Professor of Molecular Neurogenetics, Wellcome Trust Principal Research Fellow, Honorary Consultant in Medical Genetics
After completing his basic medical training and housejobs, David Rubinsztein did a BSc(Med) Hons and PhD in the Medical Research Council/University of Cape Town Unit for the Cell Biology of Atherosclerosis. He came to Cambridge in 1993 as a senior registrar in Genetic Pathology. During this period, he started working on Huntington’s disease and developed an independent research group.
In 1997, David Rubinsztein acquired his Certificate of Completion of Specialist Training and was awarded a 6 year Glaxo Wellcome Fellowship. His research, which is based in the Department of Medical Genetics in the Cambridge Institute for Medical Research, is focused on trying to understand the processes underlying the pathology in Huntington’s disease and related conditions associated with intracellular aggregates. He is trying to develop therapeutic strategies for these conditions and has a major focus studying the roles of autophagy in neurodegeneration. In 2001 he was awarded Wellcome Trust Senior Clinical Fellowship, which was renewed in 2006. In 2011, he was awarded a Wellcome Trust Principal Research Fellowship.

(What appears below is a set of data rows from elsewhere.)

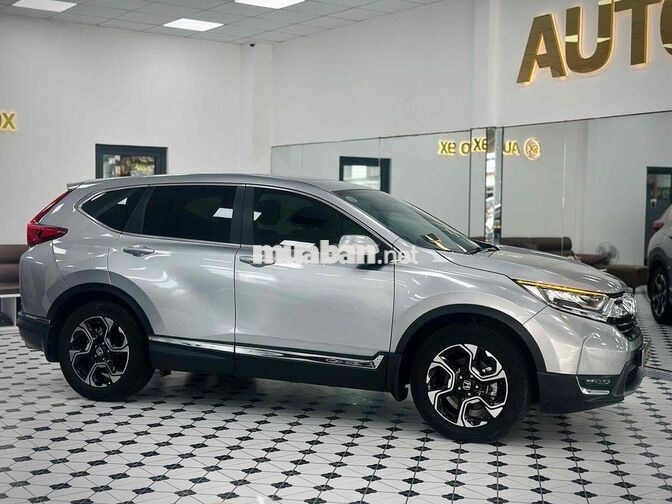 Honda CR-V L 2019 Bạc Lướt 29000 km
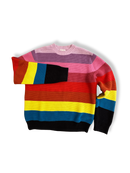 Pullover mit horizontalen Blockstreifen Gr.164 | Stella McCartney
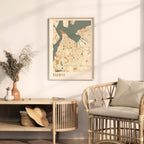 tacoma, washington map poster - image 3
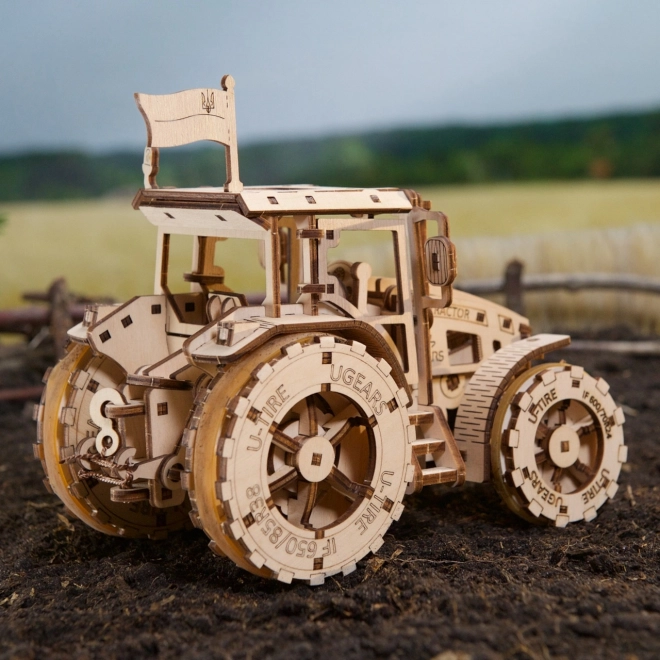 Ugears Tractor Mechanical Model Kit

David Rubinsztein was appointed to a Personal Readership at the University of Cambridge in 2003 and was elected as a Fellow of the Academy of Medical Sciences in 2004. In 2005 he was promoted to Professor of Molecular Neurogenetics at the University of Cambridge (personal chair). Rubinsztein has been an author on more than 270 scientific papers, including recent studies in Nature Chemical Biology (2007, 2008), Molecular Cell (2009,2011, 2012), Cell (2010,2011, 2012), Science Translational Medicine (2010), and Nature Cell Biology (2010, 2011). He was awarded the Graham Bull Prize for Clinical Science by the Royal College of Physicians in 2007 and was elected as a member of EMBO in 2011. He is presently Deputy Director of CIMR.